Showing posts with label Poverty. Show all posts
Showing posts with label Poverty. Show all posts

2012-08-01

Culture To Blame

It is an interesting fact that the left thinks that economics determines culture and that the right thinks that culture determines economics. Romney said as much when he said "Culture makes all the difference" when comparing the relative differences between Israel and neighboring Palestinian areas (as well as those of U.S. and Mexico, and Chile and Ecuador). Romney reiterates the idea in his article here.

This has caused the left to wring their hands and worry that these "offhand" remarks are overshadowing, that it is tearing at his campaign, was a gaffe and is a problem for Romney. Why? Because the left does not see values or culture as the basis for societal success. They are inclined to blame economics when the poor commit crimes. Blaming the culture, values or the individual is viewed as unsophisticated and lacking nuance whereas blaming poverty is considered enlightened and progressive.

However, when the rich commit crimes, the left cannot use poverty as the scapegoat for crime. They are then forced to conclude what everyone else concludes, that values and culture may have more to say about why a person committed a crime and hold the individual accountable. This must create some level of cognitive dissonance for the left.

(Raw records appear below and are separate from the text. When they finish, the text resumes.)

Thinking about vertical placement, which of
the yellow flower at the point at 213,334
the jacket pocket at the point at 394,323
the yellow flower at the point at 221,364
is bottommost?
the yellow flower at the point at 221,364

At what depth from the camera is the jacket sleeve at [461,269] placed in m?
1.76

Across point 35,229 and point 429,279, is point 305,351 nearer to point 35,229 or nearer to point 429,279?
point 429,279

Another bout of dissonance must certainly erupt when those on the left contemplate why crime isn't rampant in some of the places around the globe where there is grinding poverty. To be sure, some impoverished places are smothered with crime, but if poverty is the major reason for crime, those poverty stricken places that have low crime rates must cause mental indigestion. The 'but Palestine is occupied' argument creates similar hiccups.

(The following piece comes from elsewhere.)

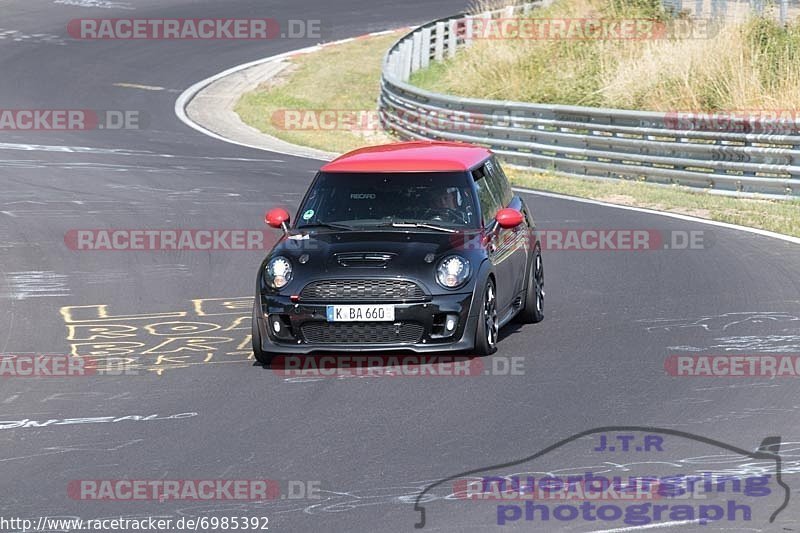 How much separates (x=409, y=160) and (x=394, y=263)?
57.9 inches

How are areas of low crime and high poverty explained by those on the left? How are financially and morally backward places that are not occupied explained by the left? They aren't. But here's a hint: values may be the answer you are looking for.

So the left is unhappy with Romney's assertion that culture might be the cause of financial disparities. And how does the left counter an argument that makes them unhappy? You guessed it - cry racism.

Palestinian negotiator Saeb Erekat informs:
Oh, my God, this man needs a lot of education. What he said about the culture is racism.
If culture is a set of ideas, beliefs, and ways of behaving of a particular group of people and race is essentially genetics, what about what Romney said was racist?

As Prager has noted, "Just about every value the left claims to uphold Israel upholds and its enemies do not." Israel shares the western world's views on issues ranging from corrupt dictator-types, to feminism, to homosexual rights, to independent judiciaries. But the left loves leftism more than it loves the causes for which it professes love.

Culture, not race, has determined the successes and failures. Romney solidified this argument in both the Israel/Palestine comparison and the Chile/Ecuador comparison. Both comparisons juxtapose similar races with different cultures.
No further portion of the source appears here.